▶ _Work instructions_:
Given the entries that follow, write out exactly the lines starting at the one containing "BEHR PREMIUM PLUS" and ending at the one containing "Fashion Beanie Knitted", both ends included, and only those.

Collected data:
++++++

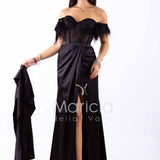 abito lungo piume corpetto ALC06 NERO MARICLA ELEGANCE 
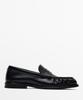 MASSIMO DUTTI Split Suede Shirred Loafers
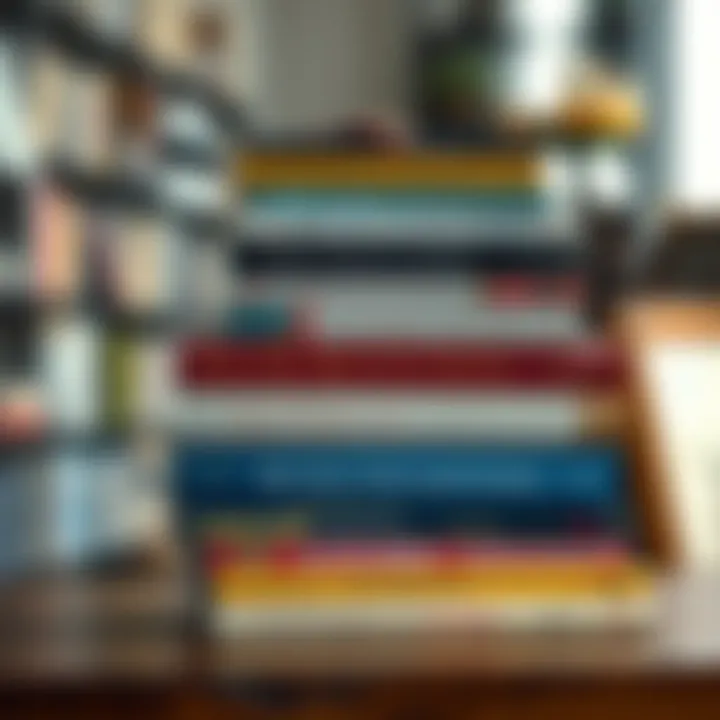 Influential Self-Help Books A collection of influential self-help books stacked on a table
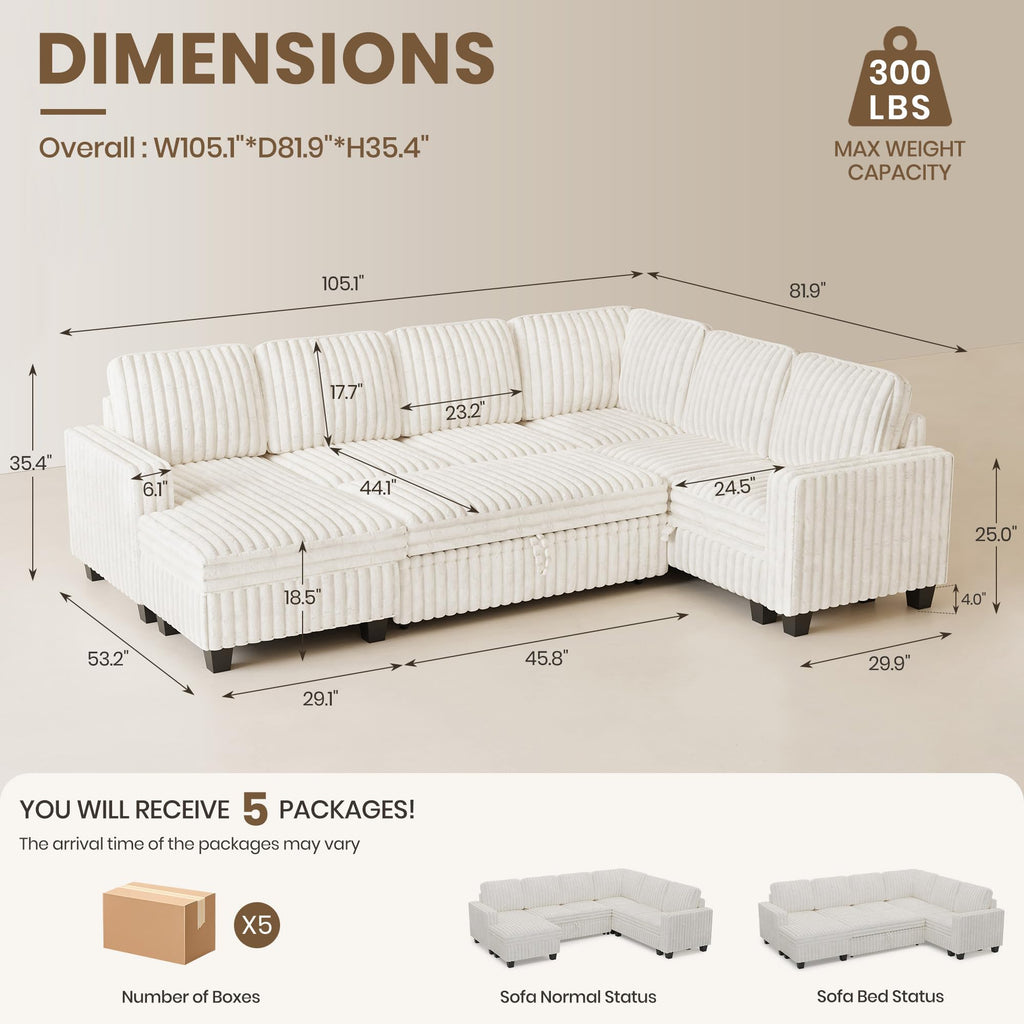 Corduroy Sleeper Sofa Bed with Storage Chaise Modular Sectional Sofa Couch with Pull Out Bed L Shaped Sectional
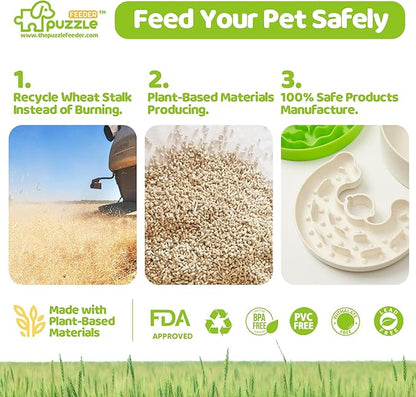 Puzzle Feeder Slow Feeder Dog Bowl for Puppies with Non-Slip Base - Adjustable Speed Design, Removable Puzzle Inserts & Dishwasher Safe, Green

++++++

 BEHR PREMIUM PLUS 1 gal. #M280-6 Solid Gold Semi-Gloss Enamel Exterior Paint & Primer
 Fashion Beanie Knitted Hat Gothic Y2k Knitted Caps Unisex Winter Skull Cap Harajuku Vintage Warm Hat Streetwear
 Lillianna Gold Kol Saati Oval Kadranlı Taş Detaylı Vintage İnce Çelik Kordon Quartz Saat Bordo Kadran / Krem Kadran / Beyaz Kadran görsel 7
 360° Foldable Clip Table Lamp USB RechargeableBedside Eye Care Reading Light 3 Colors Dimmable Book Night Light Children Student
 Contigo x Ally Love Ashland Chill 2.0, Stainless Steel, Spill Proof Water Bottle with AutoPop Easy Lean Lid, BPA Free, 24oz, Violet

++++++

▶ _Completed task_:
 BEHR PREMIUM PLUS 1 gal. #M280-6 Solid Gold Semi-Gloss Enamel Exterior Paint & Primer
 Fashion Beanie Knitted Hat Gothic Y2k Knitted Caps Unisex Winter Skull Cap Harajuku Vintage Warm Hat Streetwear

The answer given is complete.